**Input material:**
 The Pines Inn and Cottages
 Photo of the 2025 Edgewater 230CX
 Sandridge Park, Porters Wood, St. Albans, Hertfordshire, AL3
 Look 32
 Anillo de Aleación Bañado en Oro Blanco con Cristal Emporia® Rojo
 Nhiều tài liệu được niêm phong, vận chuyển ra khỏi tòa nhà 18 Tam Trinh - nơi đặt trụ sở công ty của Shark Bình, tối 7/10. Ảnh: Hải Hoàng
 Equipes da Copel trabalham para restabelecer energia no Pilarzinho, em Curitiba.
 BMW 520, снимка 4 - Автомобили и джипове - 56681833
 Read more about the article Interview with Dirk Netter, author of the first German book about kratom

---

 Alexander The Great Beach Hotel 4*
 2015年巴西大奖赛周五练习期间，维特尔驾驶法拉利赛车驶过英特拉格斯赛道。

**To do:** The answer is the lines above between the line holding "Anillo de Aleación" and the line holding "Read more about", inclusive, each written out exactly, and no others.

**Result of this exercise:**
 Anillo de Aleación Bañado en Oro Blanco con Cristal Emporia® Rojo
 Nhiều tài liệu được niêm phong, vận chuyển ra khỏi tòa nhà 18 Tam Trinh - nơi đặt trụ sở công ty của Shark Bình, tối 7/10. Ảnh: Hải Hoàng
 Equipes da Copel trabalham para restabelecer energia no Pilarzinho, em Curitiba.
 BMW 520, снимка 4 - Автомобили и джипове - 56681833
 Read more about the article Interview with Dirk Netter, author of the first German book about kratom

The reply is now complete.